(The data)
__________________________________________________

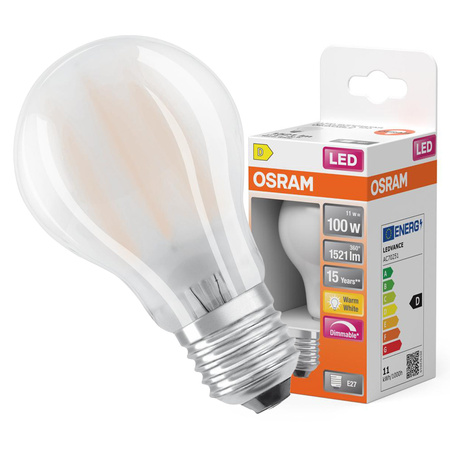 LED žárovka E27 A60 11W = 100W 1521lm 2700K teplá bílá 300° Filament Dimmable OSRAM SUPER STAR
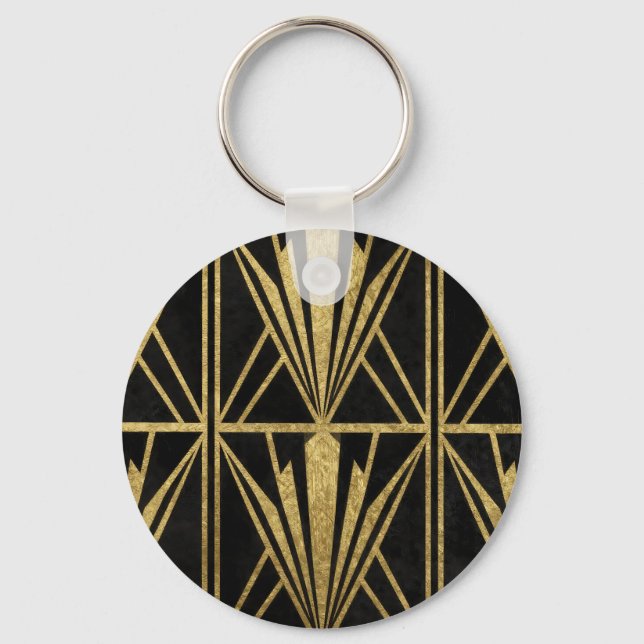 Gold Art Deco Geometric Fan Pattern Black Key Ring (Front)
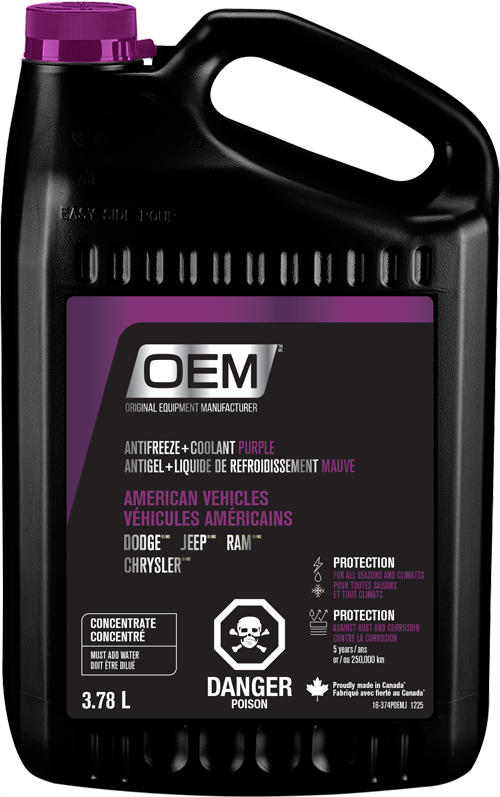 Antigel + liquide de refroidissement mauve pour véhicules de fabrication américaine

__________________________________________________

(Exercise requirements)
Restate the full listing verbatim and drop every picture.

(Task output)
 LED žárovka E27 A60 11W = 100W 1521lm 2700K teplá bílá 300° Filament Dimmable OSRAM SUPER STAR
 Gold Art Deco Geometric Fan Pattern Black Key Ring (Front)
 Antigel + liquide de refroidissement mauve pour véhicules de fabrication américaine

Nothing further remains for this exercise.